Les trésors de guerre avaient, à la vérité, un avantage très précieux au moment d’une guerre, en ce qu’ils mettaient à la disposition du souverain une somme considérable, immédiatement disponible ; mais, par contre, ils donnaient aux gouvernements la tentation de se laisser aller au gaspillage ou aux aventures guerrières, et, au point de vue économique, ils n’étaient nullement défendables parce qu’ils enlevaient à la reproduction et à la circulation des capitaux énormes pour les laisser dormir dans les caisses du Trésor[1]. Aussi, nous pensons que l’État doit recourir à l’emprunt, non pas, comme le dit Adam Smith, parce qu’il néglige d’économiser, mais parce qu’en général, le législateur agit sagement en n’entravant pas, dès le temps de paix, la marche des affaires.

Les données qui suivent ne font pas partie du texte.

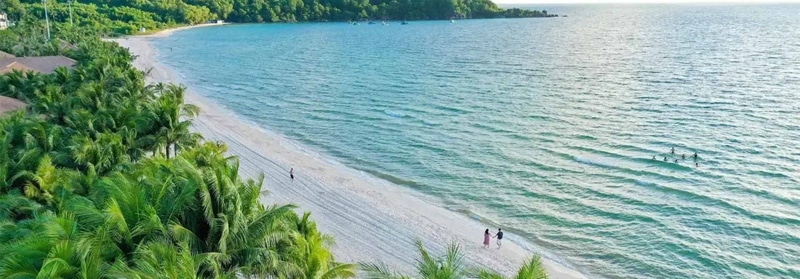 Long Beach Phu Quoc is one of the longest beaches in Vietnam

Le célèbre économiste est cependant, en principe, absolument hostile aux emprunts, et il ne les admet qu’exceptionnellement, dans les cas où il est impossible d’obtenir rapidement par l’impôt les ressources nécessaires. Il reconnaît qu’au début d’une

  1. Nous ne croyons pas, toutefois, pouvoir condamner d’une manière aussi absolue, les trésors modernes de l’État prussien et notamment celui que M. de Bismarck a reconstitué après la guerre de 1810. Ce trésor a été créé dans des circonstances exceptionnelles, au moyen de partie de l’indemnité payée par la France et sans aucun prélèvement direct sur le capital national ; en outre, il n’est nullement improductif, il est représenté dans la circulation par des billets au porteur, non remboursables, reçus dans toutes les caisses de l’État. — Assurément, les réserves métalliques sont encore très attaquables, dans ces conditions mêmes, au point de vue économique et même politique ; mais elles offrent, au point de vue militaire, des avantages incontestables, surtout dans un pays où le crédit public, peu développé, ne pourrait fournir, à bref délai, des ressources considérables. L’intérêt supérieur de la mobilisation est ici en jeu, et les approvisionnements d’espèces métalliques sont justifiables au même titre que les approvisionnements d’armes, de munitions, de vivres, d’équipements, qui sont conservés de tout temps dans les arsenaux et dans les magasins de l’État.